The wellness movement tells us that everything is about ‘intention.’ There’s intentional communication. Intentional parenting. Intentional eating, which apparently makes food taste better.
How about intentional giving? Most Canadians will only give to charity when asked. But what if instead of giving reactively—for example, when we’re asked to by the cashier at the supermarket or when approached by charity canvassers on the street—we gave intentionally to the things that matter most to us as individuals? Wouldn’t that make giving feel even better?
I think so. In fact, I know so. In my work, I see it every day.
Increasingly, giving is happening through what are called donor-advised funds, which opens the door to more intentional giving. To explain why this donor tool is a great option for many, I give you a scenario. And because I’m a child that grew up in the 1980s, I’m going to present it in the style of Choose Your Own Adventure.
It’s December 28th. You’ve had a pretty good year, financially speaking, and you know the clock is ticking if you want to make any charitable donations to offset your tax owing. You think you should increase your charitable giving, but you haven’t managed to make it happen.
You do care about things. You know, the issues. You just haven’t aligned those issues with organizations you trust. Yet. But the intention is there.
So as the year winds down, what do you do?
Option 1: You forget the whole charity thing and throw the money at your holiday bills instead. The planet is apparently set to implode by 2030, anyway, and you don’t think your actions will make a difference.
Most Canadians, at this point, will still want to make a change, to do good. It’s human nature. In fact, 71 per cent of Canadians say they feel a personal responsibility to make the world a better place. So if you’re in this group, there are two more options for this adventure.
Option 2: You do some Googling around the issues you care about (“Canadian charity environmental sustainability tax receipt”), feel overwhelmed by your search results, find a decent-looking option, and make one sizeable donation. Done and dusted. Now you can get back to your holiday guests.
You shut your laptop feeling really good about yourself. Or pretty good? The charity looked reputable. At least you hope they are. But as doubt creeps in, the adventure ends with you wishing you had more time to decide where to send your money.
Or Option 3: You make a donation now based on the amount you’re comfortable giving away before year-end. Which charities will benefit from your donated dollars? That decision can wait. You get back to your guests in the other room—it’s almost dinnertime, after all.

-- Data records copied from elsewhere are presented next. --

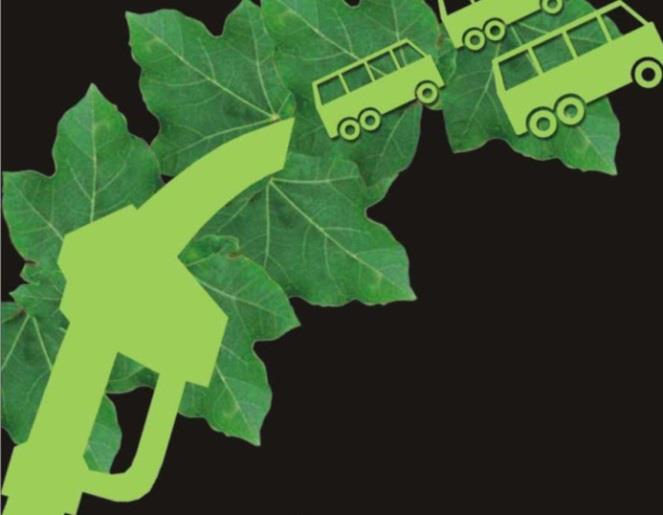 την διεξαγωγή σεμιναρίων eco driving, των οποίων τα έξοδα θα χρεώνεται ο ίδιος ο δήμος. Τα αποτελέσματα συνοψίζονται στον παρακάτω πίνακα. Πίνακας 5.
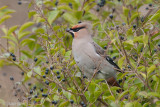 Bohemian Waxwing - Pestvogel - Bombycilla garrulus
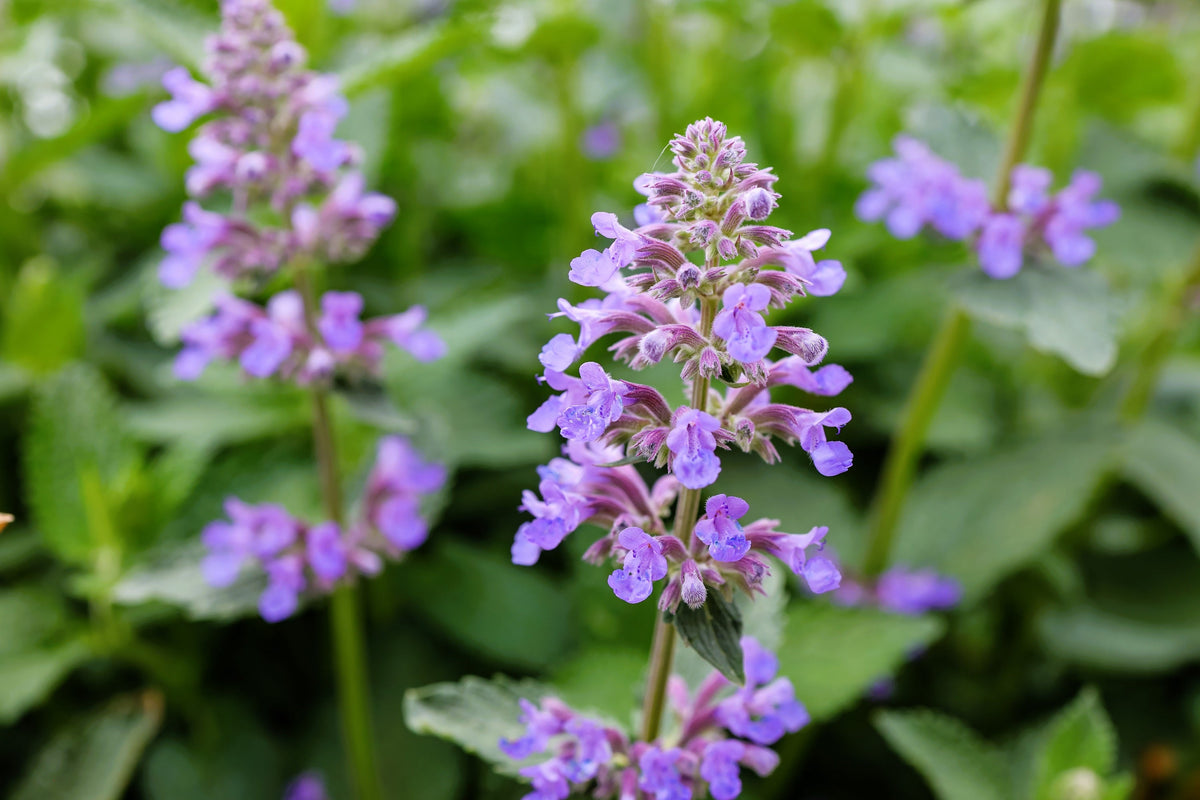 50 semillas de flores de Nepeta Racemosa (menta persa) Mussins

Later, when time allows, you can think about the causes you care about and where to send your gift. That’s where a donor-advised fund comes in: donate now and get your tax receipt, and then send gifts to charities when you’re ready. What previously felt like a rushed or complicated decision has been split into two smaller, more manageable chunks. Now you have the time and space to make sure you’re giving to an organization that aligns with your personal values and deserves it.
Your own giving adventure continues, or perhaps it has just begun. When we give thoughtfully the confidence we have in our decisions increases and the experience feels a lot more meaningful.
Like many Canadians are increasingly choosing, I choose option three. I like how donor-advised funds encourage donors to take more accountability for their giving and how they enable us to become more effective donors with time and practice. And, with newer funds, like CHIMP, you can deposit as little as $5, and start working on your intentional giving strategy.
The act of giving changes from a holiday nightmare to an empowering experience—now, you want to give more. A single adventure becomes a lifelong journey to make a difference in the world. What could possibly be wrong about that? Especially if the alternative is not giving at all.